Robert Kennedy Remembered


Forty years ago today, I eagerly woke up and rushed to our kitchen to see who had won the California Democratic primary the day before. I was only nine years old, so I had gone to bed long before the results were known. Yes, I was a political junky even at age nine.

But this was different--this was the first time that I cared about an election. For just one week earlier, my family had been vacationing in San Francisco, and while we were lunch on Fisherman's Wharf Robert Kennedy came on the wharf to shake some hands. My little nine year old hand was one of the hands he shook. That was it. I was hooked. Much to the puzzlement and amusement of my then Republican parents, I cared about nothing except the election. I disparately wanted Robert Kennedy to win.

Of course, as you well know, on that morning of June 5, 1968, my parents had to give me the very sad news that Robert Kennedy had been shot and was not expected to live. I was devastated, but that day began a life long interest in politics and public policy.

I look back on the events of June 1968, and know that my short contact with Robert Kennedy--including, yes, his assassination--was a big reason why I feel the pull of public service. It is why I ran for office in my thirties, why I served in appointed positions in Washington, and why I am eager to serve once again.

Robert Kennedy was my hero. Of course, I now know that Robert Kennedy, like all men, was hardly perfect. Nonetheless, when I think of what I can accomplish in the life that God gave me, I always come back to my favorite Robert Kennedy speech--his speech to students at Cape Horn, Africa on June 6, 1966, which seems particularly apt given the success (thus far) of Barak Obama:

For two centuries, my own country has struggled to overcome the self-imposed handicap of prejudice and discrimination based on nationality, on social class or race -- discrimination profoundly repugnant to the theory and to the command of our Constitution. Even as my father grew up in Boston, Massachusetts, signs told him that "No Irish Need Apply". Two generations later, President Kennedy became the first Irish Catholic, and the first Catholic, to head the nation; but how many men of ability had, before 1961, been denied the opportunity to contribute to the nation's progress because they were Catholic, or because they were of Irish extraction? How many sons of Italian or Jewish or Polish parents slumbered in the slums -- untaught, unlearned, their potential lost forever to our nation and to the human race? Even today, what price will we pay before we have assured full opportunity to millions of Negro Americans?

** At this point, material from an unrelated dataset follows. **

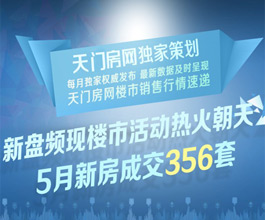 2014年5月天门房网新房销售数据分析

In the last five years we have done more to assure equality to our Negro citizens and to help the deprived, both white and black, than in the hundred years before that time. But much, much more remains to be done.

. . .

"Give me a place to stand," said Archimedes, "and I will move the world." These men moved the world, and so can we all. Few will have the greatness to bend history; but each of us can work to change a small portion of the events, and in the total of all these acts will be written the history of this generation. Thousands of Peace Corps volunteers are making a difference in the isolated villages and the city slums of dozens of countries. Thousands of unknown men and women in Europe resisted the occupation of the Nazis and many died, but all added to the ultimate strength and freedom of their countries. It is from numberless diverse acts of courage such as these that the belief that human history is thus shaped. Each time a man stands up for an ideal, or acts to improve the lot of others, or strikes out against injustice, he sends forth a tiny ripple of hope, and crossing each other from a million different centers of energy and daring those ripples build a current which can sweep down the mightiest walls of oppression and resistance.


Read it all (or listen to it all) here. Hat tip to Father Peter Carey for the crowd picture.

As we remember RFK today, let's promise to send forth our own tiny ripple of hope.

Comments

bls said…
I felt the same way in those days as you did (although I never became a political junkie!).

There's a little YouTube video of him speaking to the crowd on the night of MLK's assassination, here.

All very sad, really, and hard to watch again, at least for me - but also something important to watch and remember.